Your objective →
Repeat each entry exactly. Drop every image.

━━ Data for this exercise ━━

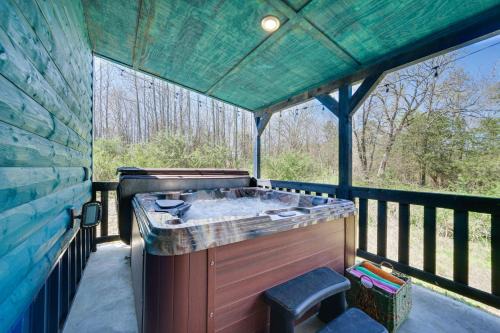 Broken Bow House | Broken Bow Cabin with Hot Tub, Fire Pit and Creek View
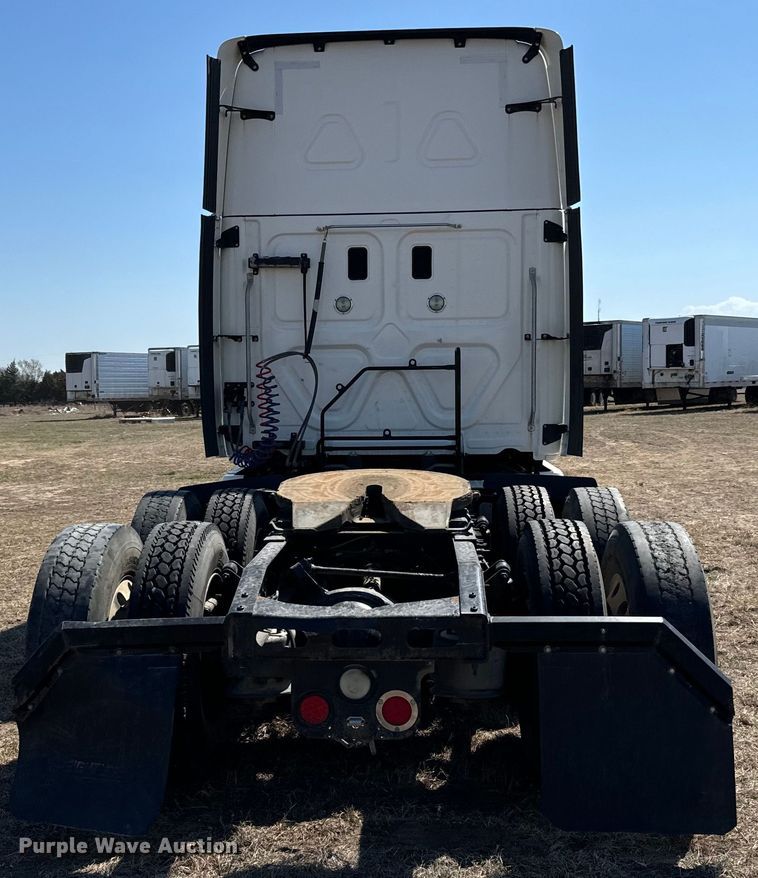 image for item NH9025 2015 Freightliner  Cascadia 125 CA125SLP semi truck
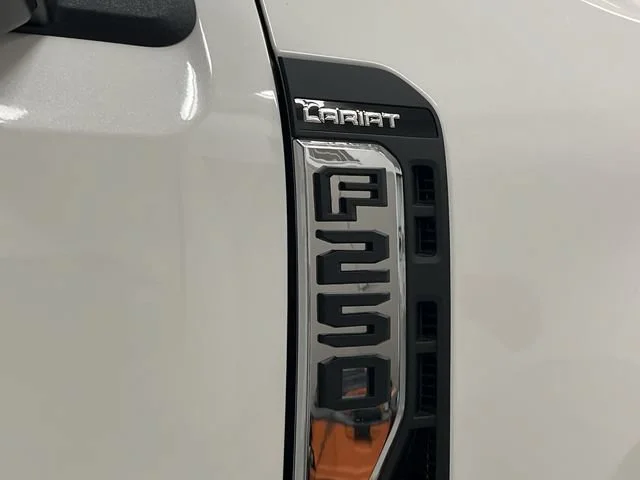 New 2026 Star White Metallic Tri-Coat Ford Lariat image 13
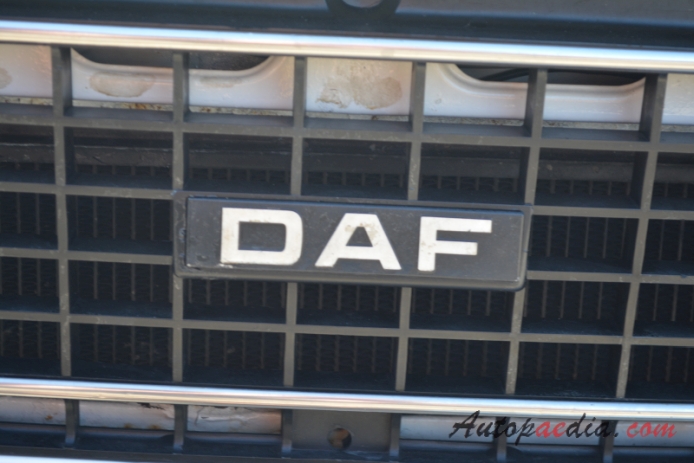 DAF 66 1972-1975 (1975 DAF-66 1300 Maraton Coupé 2d), front emblem  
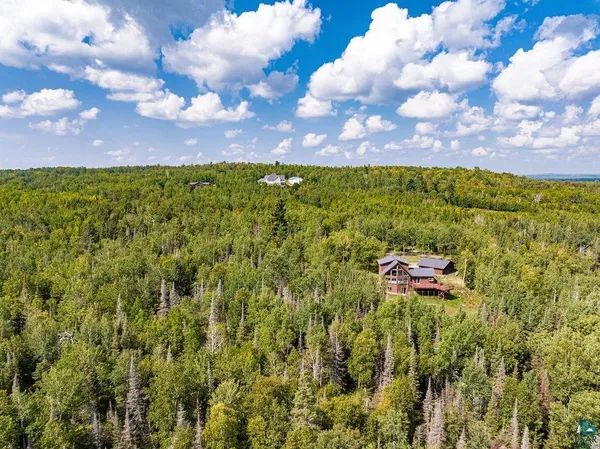 $649,900 | 960 Deerview Lane, Two Harbors, MN 55616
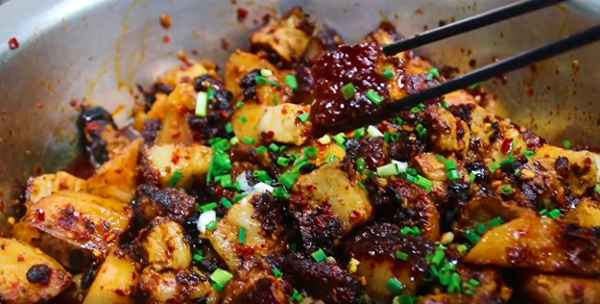 豆豉扣肉的家常做法_豆豉扣肉的家常做法步驟視頻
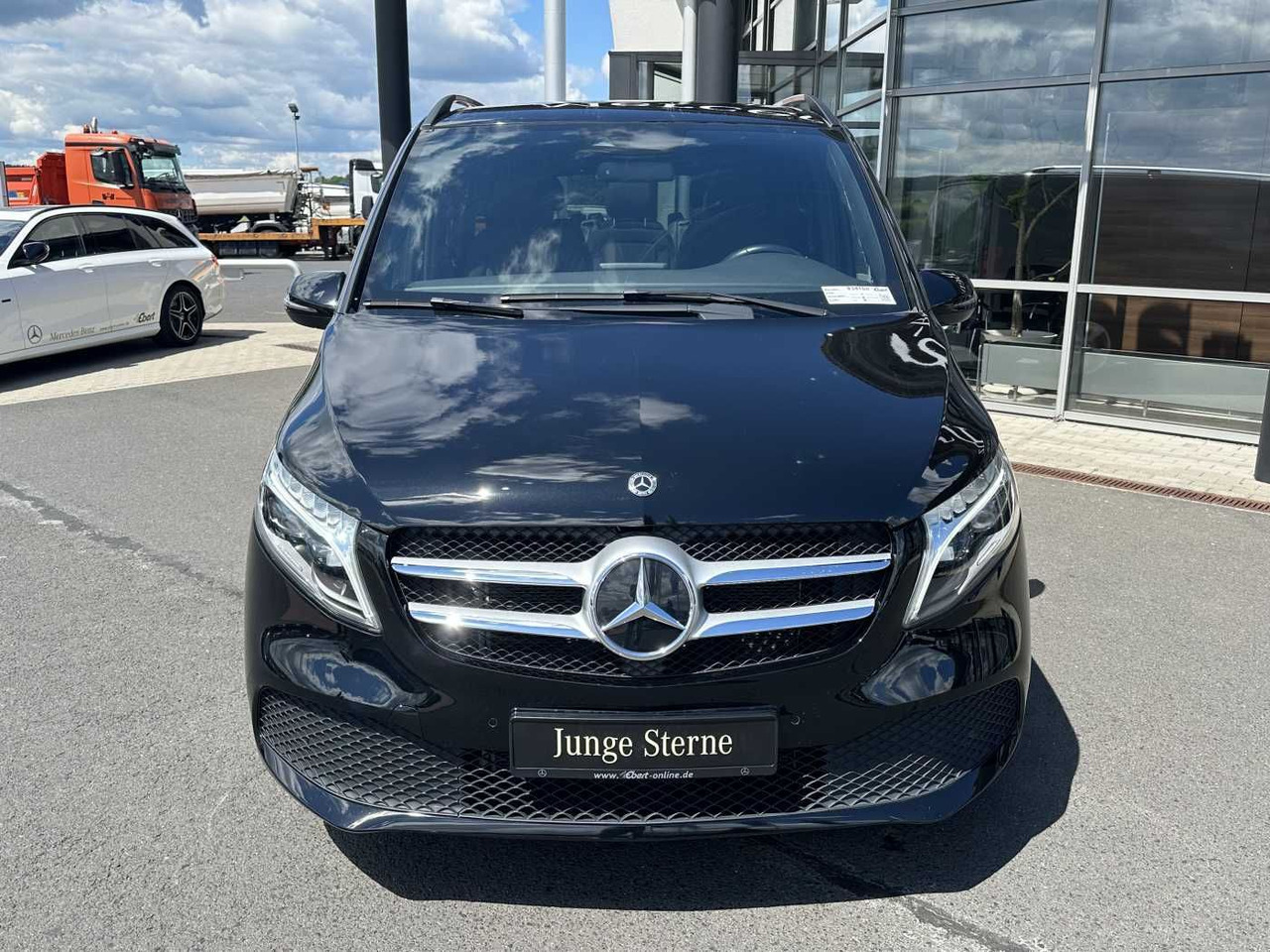 Mercedes-Benz V 250 d EDITION ILS Panorama Kamera 8Sitze - Furgoneta de pasajeros: foto 2 Mercedes-Benz V 250 d EDITION ILS Panorama Kamera 8Sitze - Furgoneta de pasajeros: foto 2
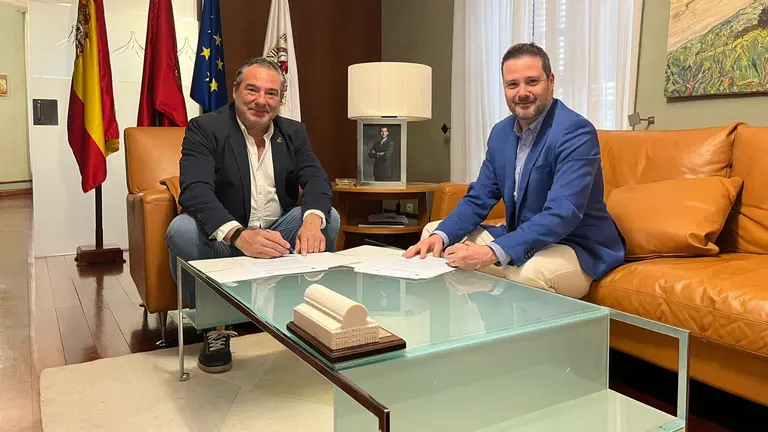 El presidente de la Comunidad de Bardenas Reales, D. Jose M&ordf; Agramonte y el presidente de Consorcio EDER, D. Alejandro Toquero durante la firma del convenio. CEDIDA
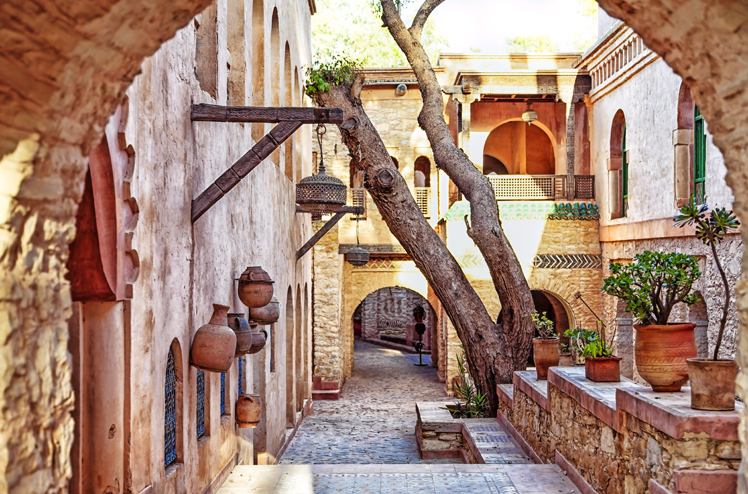 In der Medina der afrikanischen Hafenstadt Agadir in Marokko mit vielen Sehenswürdigkeiten und prachtvollem Baustil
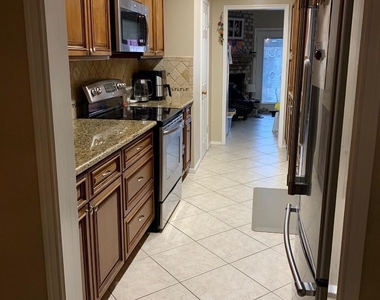 13078 Trail Hollow Drive - Photo Thumbnail 5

━━━

Solution to the problem →
 Broken Bow House | Broken Bow Cabin with Hot Tub, Fire Pit and Creek View
 image for item NH9025 2015 Freightliner  Cascadia 125 CA125SLP semi truck
 New 2026 Star White Metallic Tri-Coat Ford Lariat image 13
 DAF 66 1972-1975 (1975 DAF-66 1300 Maraton Coupé 2d), front emblem  
 $649,900 | 960 Deerview Lane, Two Harbors, MN 55616
 豆豉扣肉的家常做法_豆豉扣肉的家常做法步驟視頻
 Mercedes-Benz V 250 d EDITION ILS Panorama Kamera 8Sitze - Furgoneta de pasajeros: foto 2 Mercedes-Benz V 250 d EDITION ILS Panorama Kamera 8Sitze - Furgoneta de pasajeros: foto 2
 El presidente de la Comunidad de Bardenas Reales, D. Jose M&ordf; Agramonte y el presidente de Consorcio EDER, D. Alejandro Toquero durante la firma del convenio. CEDIDA
 In der Medina der afrikanischen Hafenstadt Agadir in Marokko mit vielen Sehenswürdigkeiten und prachtvollem Baustil
 13078 Trail Hollow Drive - Photo Thumbnail 5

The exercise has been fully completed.